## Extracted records
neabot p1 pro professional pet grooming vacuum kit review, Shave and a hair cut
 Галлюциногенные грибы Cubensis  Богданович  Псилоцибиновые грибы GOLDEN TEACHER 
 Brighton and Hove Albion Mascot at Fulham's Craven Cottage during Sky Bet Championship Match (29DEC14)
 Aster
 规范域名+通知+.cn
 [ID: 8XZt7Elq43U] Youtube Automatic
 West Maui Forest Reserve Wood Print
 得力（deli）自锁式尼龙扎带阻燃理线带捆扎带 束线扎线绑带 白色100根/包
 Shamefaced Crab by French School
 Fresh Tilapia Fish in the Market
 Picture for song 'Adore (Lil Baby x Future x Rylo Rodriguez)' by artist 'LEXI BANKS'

## Instructions for the task
Only the line containing "[ID: 8XZt7Elq43U] Youtube Automatic" and the lines after it, through the end of the data, should be copied, exactly as they are.

## Response to this exercise
 [ID: 8XZt7Elq43U] Youtube Automatic
 West Maui Forest Reserve Wood Print
 得力（deli）自锁式尼龙扎带阻燃理线带捆扎带 束线扎线绑带 白色100根/包
 Shamefaced Crab by French School
 Fresh Tilapia Fish in the Market
 Picture for song 'Adore (Lil Baby x Future x Rylo Rodriguez)' by artist 'LEXI BANKS'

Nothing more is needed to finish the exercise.